# Information supplied
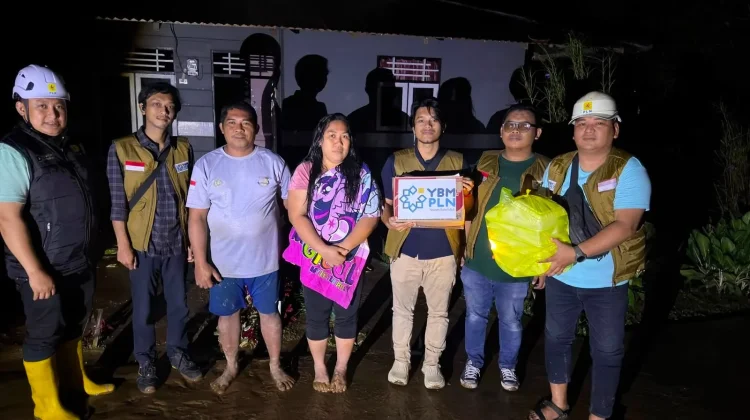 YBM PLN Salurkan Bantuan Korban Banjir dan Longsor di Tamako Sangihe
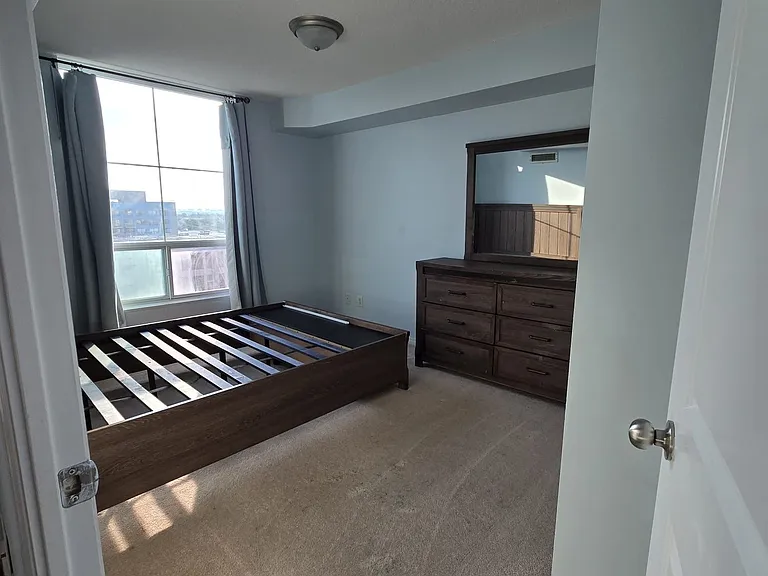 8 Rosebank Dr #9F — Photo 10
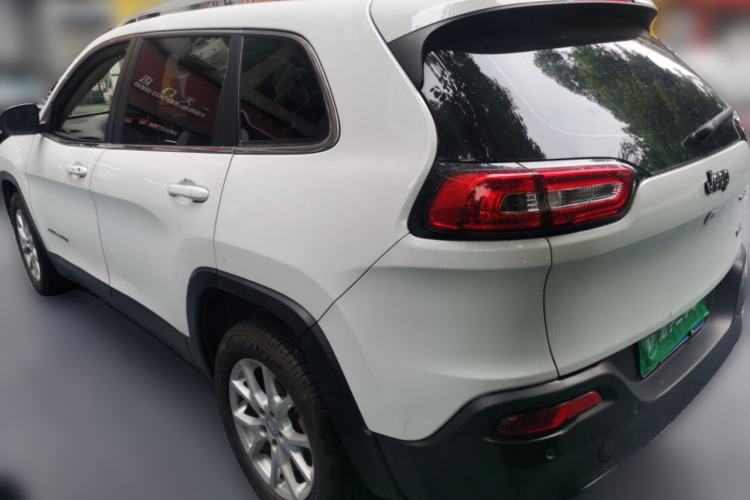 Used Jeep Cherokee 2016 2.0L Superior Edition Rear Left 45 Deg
---
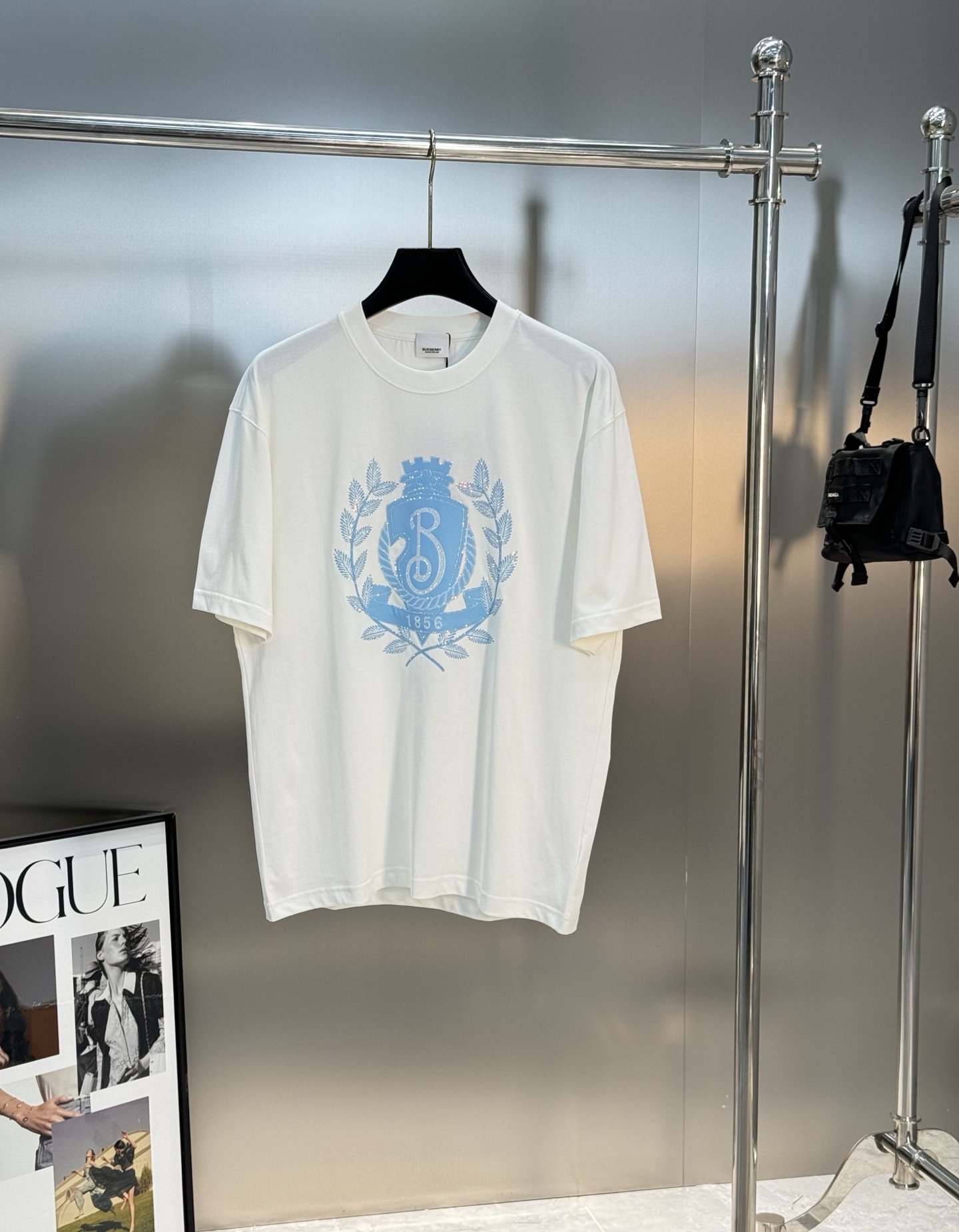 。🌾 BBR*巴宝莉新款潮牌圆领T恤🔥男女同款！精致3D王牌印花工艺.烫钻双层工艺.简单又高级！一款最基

# Try it
Set down, exactly as written above, each line from the one with "8 Rosebank Dr #9F — Photo 10" through the one with "Used Jeep Cherokee", and skip the pictures.

# Answer to this exercise
 8 Rosebank Dr #9F — Photo 10
 Used Jeep Cherokee 2016 2.0L Superior Edition Rear Left 45 Deg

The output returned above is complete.